In all these cases the Indian Courts
commonly points out the rights of insurer to sue the wrongdoer in the place of
assured on settling their claim of loss. The binding nature of subrogation in
all indemnity insurance policies and its effect on the insurer to sue the
original tortfeasor in the name of the assured is clearly recognised. Though
there are two main categories of insurance termed as life insurance and general
insurance, the doctrine of subrogation is applicable to those contracts of
insurance which has an element of indemnity inherent in it[23].
Hence, the primary feature of subrogation in the contract of insurance is to
subrogate insurer in the position of the assured.
Conclusion
The historical evolution of the
doctrine of subrogation traced back from the Roman Civil law and its French
influence from the French doctrine cessio actionum has revealed a major
similarity and difference between the both. The similarity between these two
doctrines are that, both of them deal with the transference of rights from one
person to another. And, the major difference to be noted is that subrogation is
the transference of rights ipso jure whereas, in cessio actionum an express
agreement must always precede the payment for transferring rights. In other
words, subrogation is the application of equity and cessio actionum is the
enforcement of contract where, both of them deals with tranferance of rights.
Also, the theoretical justification to the equitable doctrine of subrogation is
clearly laid down by Lord Hardwicke in Randal v. Cockran which was then
commonly accepted by common law courts and equity courts.
While discussing the contemporary
change in the equitable doctrine of subrogation, it can be well established
that this doctrine which evolved from the principle of Justice, equity and good
conscience in the equity courts was subsequently added to Indian statutes. The
right of subrogation is now statutorily recognised under Section 79 of Marine
Insurance Act and Section 92 of Property law. The application of subrogation is
recognised in various domains of law. Contract of indemnity insurance is one
such domains where the doctrine of subrogation is applied.
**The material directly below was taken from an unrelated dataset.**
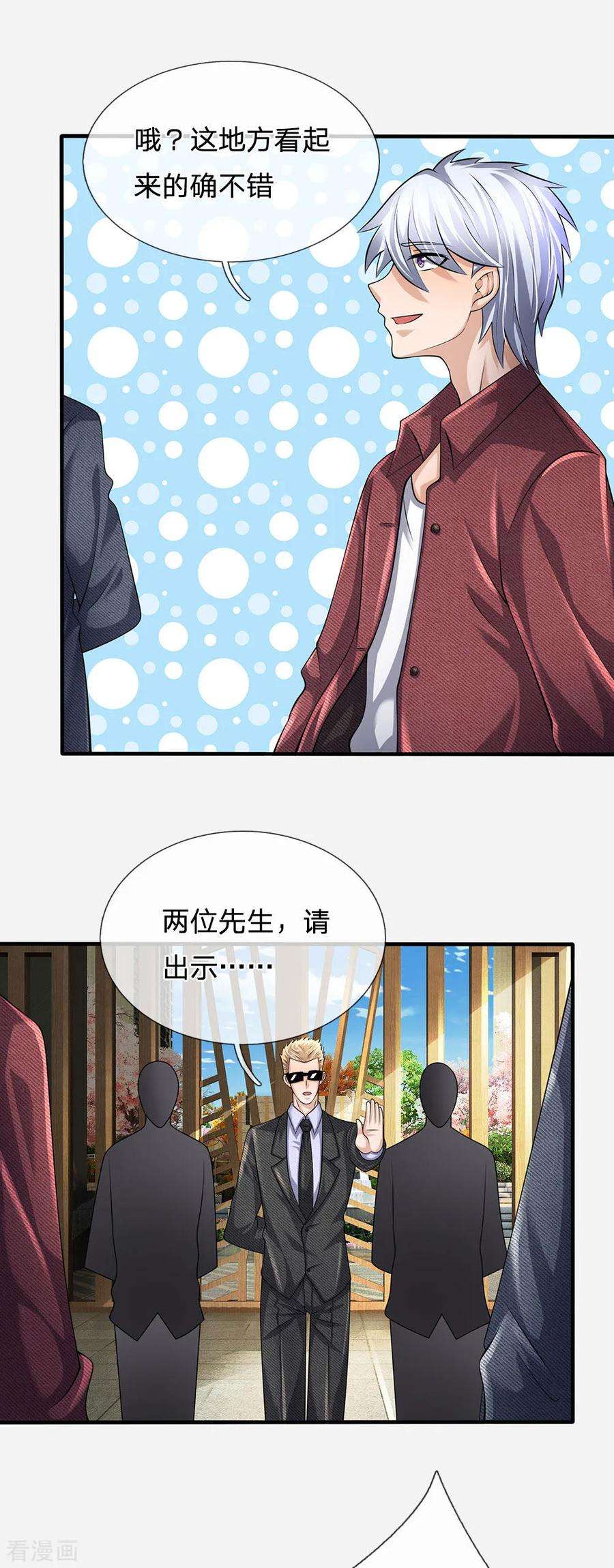 都市之逆天仙尊149话 龙都天府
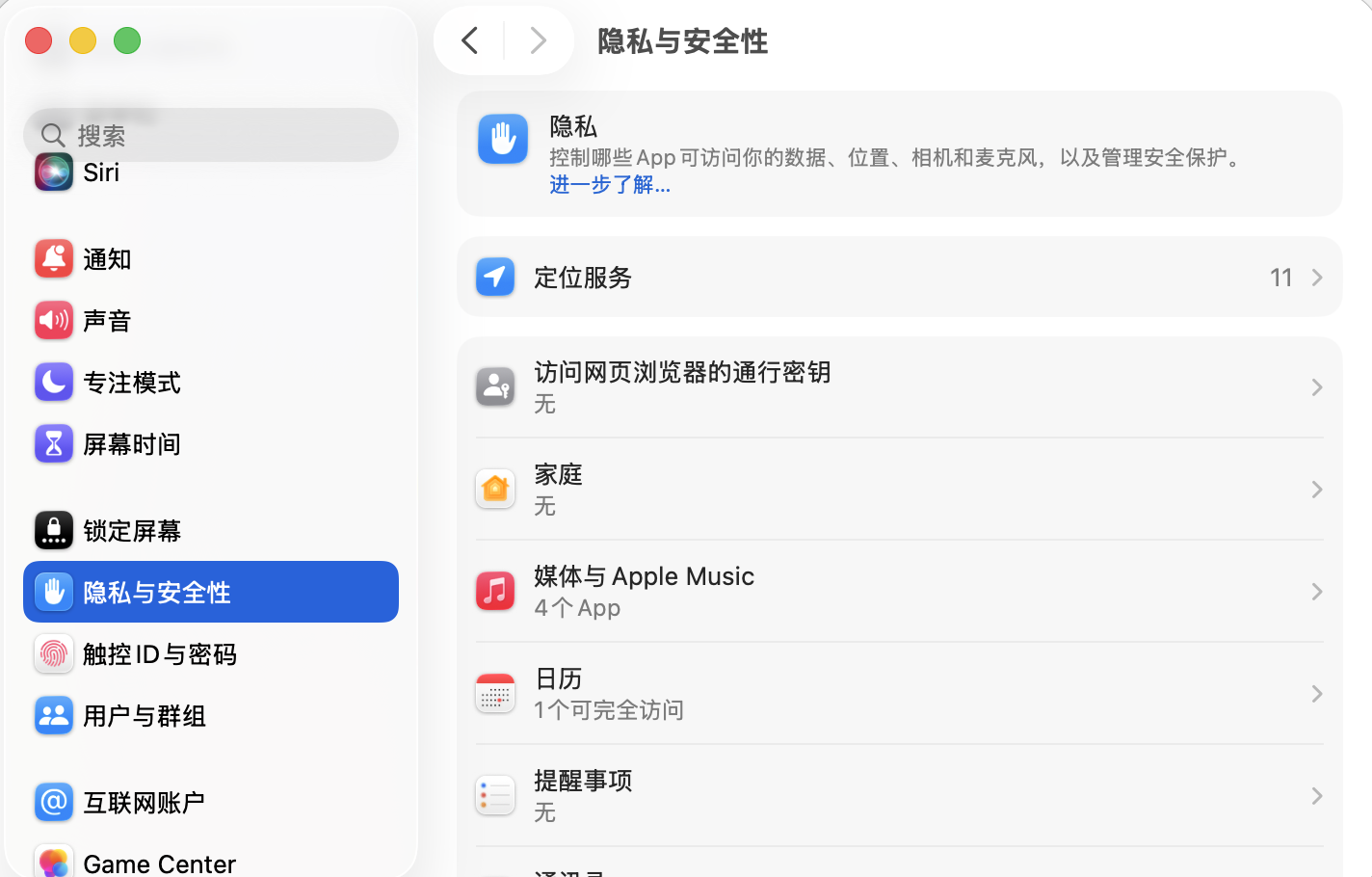 macOS 设置截图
The final part of the Article which
examines the right of subrogation in the contract of insurance through Indian
case laws points out the significance and application of the doctrine in the
contract of insurance. For the application of subrogation in insurance, the
principle of indemnity should be an inherent element in the contract. The
contract of indemnity is a contract whereby one party promises to indemnify
loss caused to the other. Thus, all contracts of indemnity insurance such as
fire policy and marine policy are a promise by the insurance company to
indemnify the policyholder to the extent of loss caused. On payment of the claim made by the assured,
the insurer step into the shoes of the assured i.e., the insurer secures the
right to sue the third party in the name of the assured for the loss thereby
subrogating the insurer in the position of the assured.